This application is claims priority from U.S. Provisional Patent Application Ser. No. 61/485,961, filed on May 13, 2011, the disclosure of which is incorporated herein by reference in its entirety.

FIELD OF THE DISCLOSURE

This disclosure pertains generally to investigations of underground formations and more particularly to systems and methods for evaluating downhole fluids.

BACKGROUND OF THE DISCLOSURE

Commercial development of hydrocarbon fields requires significant amounts of capital. Before field development begins, operators desire to have as much data as possible in order to evaluate the reservoir for commercial viability.
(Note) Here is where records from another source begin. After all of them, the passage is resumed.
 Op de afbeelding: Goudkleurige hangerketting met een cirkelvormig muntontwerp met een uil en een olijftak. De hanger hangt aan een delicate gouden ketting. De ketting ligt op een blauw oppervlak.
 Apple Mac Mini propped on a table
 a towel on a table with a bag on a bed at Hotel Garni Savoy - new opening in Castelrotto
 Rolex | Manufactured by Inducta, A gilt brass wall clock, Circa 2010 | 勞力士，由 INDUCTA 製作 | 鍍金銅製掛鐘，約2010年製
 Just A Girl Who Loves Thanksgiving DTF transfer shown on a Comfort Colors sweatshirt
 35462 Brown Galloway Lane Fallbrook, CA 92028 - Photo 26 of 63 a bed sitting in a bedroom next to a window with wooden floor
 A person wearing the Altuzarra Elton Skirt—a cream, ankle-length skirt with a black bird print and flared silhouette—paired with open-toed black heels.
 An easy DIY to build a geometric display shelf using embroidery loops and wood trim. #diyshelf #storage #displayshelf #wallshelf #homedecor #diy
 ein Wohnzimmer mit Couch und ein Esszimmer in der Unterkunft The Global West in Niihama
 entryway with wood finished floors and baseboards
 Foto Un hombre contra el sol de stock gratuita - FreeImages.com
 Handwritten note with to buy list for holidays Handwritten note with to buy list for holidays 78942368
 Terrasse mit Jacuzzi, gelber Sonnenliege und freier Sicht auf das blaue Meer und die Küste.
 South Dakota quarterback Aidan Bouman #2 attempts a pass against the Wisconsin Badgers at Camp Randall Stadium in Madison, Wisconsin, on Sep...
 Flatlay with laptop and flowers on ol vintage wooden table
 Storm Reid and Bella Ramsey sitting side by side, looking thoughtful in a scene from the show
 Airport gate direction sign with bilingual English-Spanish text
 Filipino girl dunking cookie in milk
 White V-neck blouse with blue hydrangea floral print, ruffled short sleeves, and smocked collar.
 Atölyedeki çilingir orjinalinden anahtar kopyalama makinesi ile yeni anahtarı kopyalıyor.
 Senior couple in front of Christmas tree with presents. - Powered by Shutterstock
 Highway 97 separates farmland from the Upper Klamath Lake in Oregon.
While data acquisition during drilling provides useful information, it is often also desirable to conduct further testing of the hydrocarbon reservoirs in order to obtain additional data. Therefore, after a borehole for a well has been drilled, the hydrocarbon zones are usually tested with tools that acquire fluid samples, e.g., liquids from the formation. These fluids may be multi-phase fluids; i.e., fluids that are a mixture of water, hydrocarbons, and/or solids. The multi-phase nature of these fluids may reduce the accuracy of evaluation of a particular phase.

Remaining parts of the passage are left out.